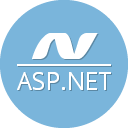 ASP.NET Core MVC Framework Logo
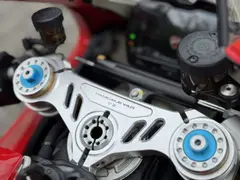 Ducati Panigale V4 R 2023 occasion – foto 7 van 9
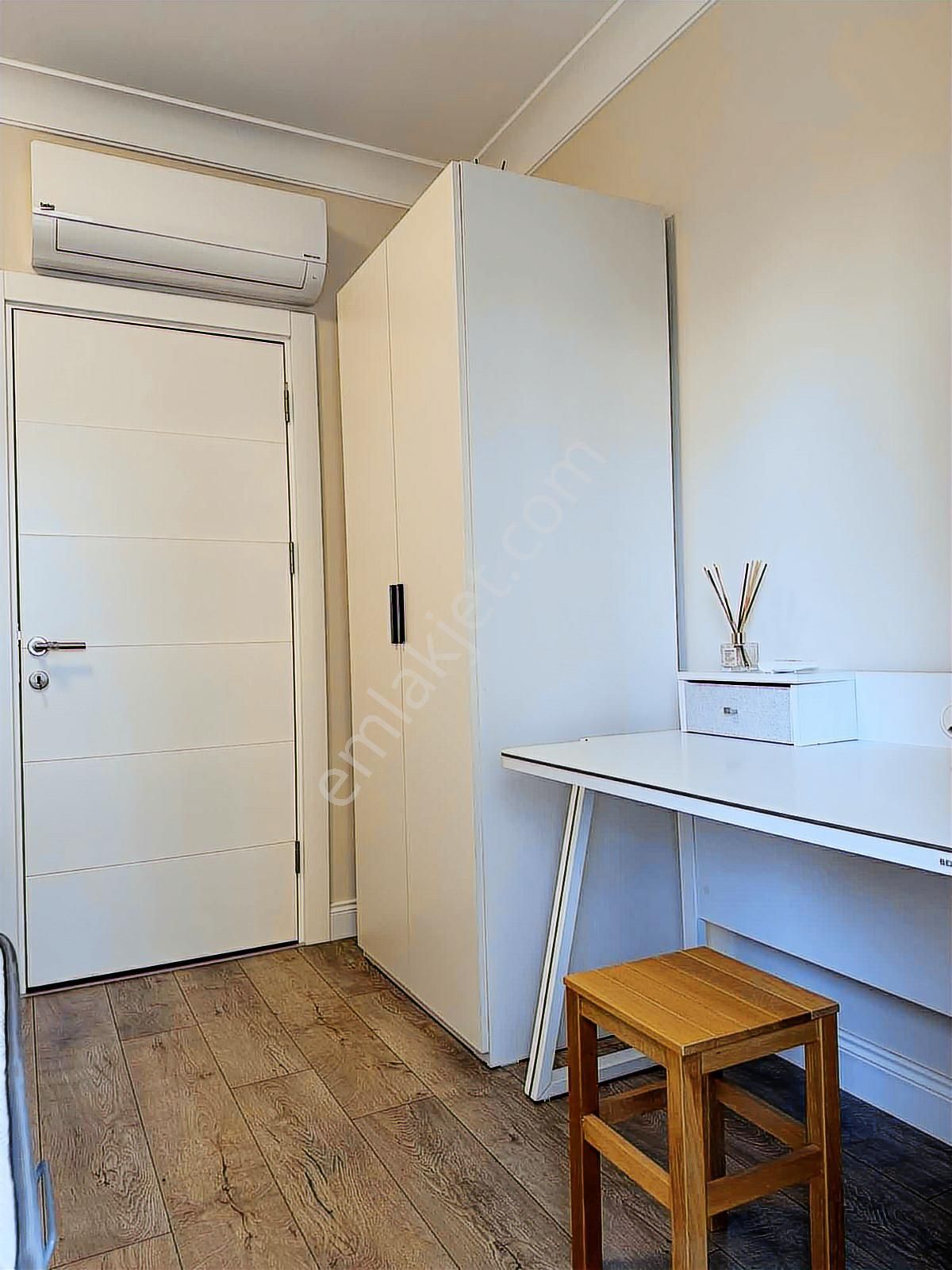 Prestijli Lokasyonda Lüks Full Eşyalı Daire - Görsel 30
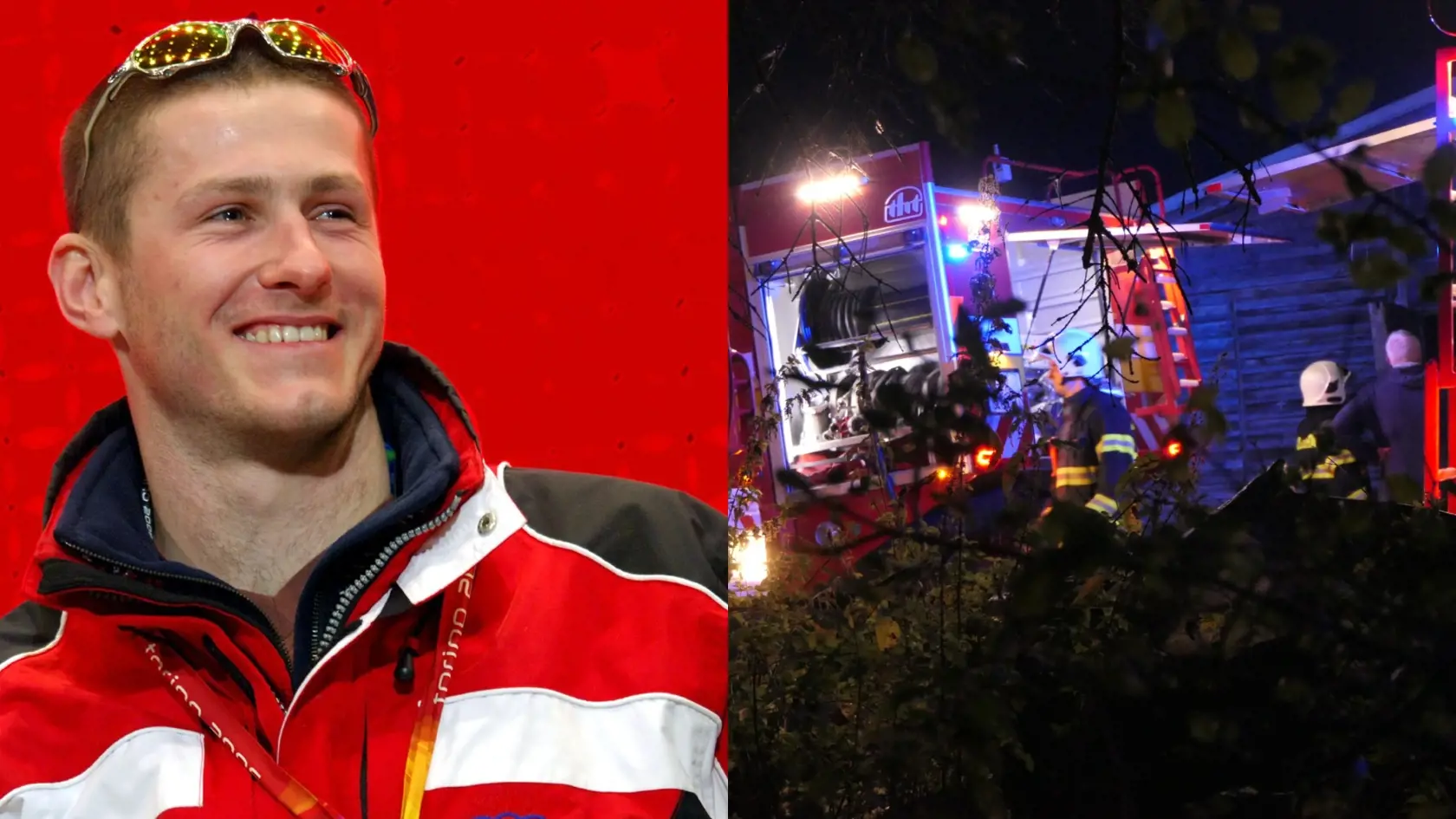 Malé lietadlo spadlo v utorok v katastri Petrovíc v okrese Bytča. Pilotoval ho snowboardista Radoslav Židek.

--- Description of the task ---
Your task is to retype the listing exactly, without its pictures.

--- Output for this task ---
 ASP.NET Core MVC Framework Logo
 Ducati Panigale V4 R 2023 occasion – foto 7 van 9
 Prestijli Lokasyonda Lüks Full Eşyalı Daire - Görsel 30
 Malé lietadlo spadlo v utorok v katastri Petrovíc v okrese Bytča. Pilotoval ho snowboardista Radoslav Židek.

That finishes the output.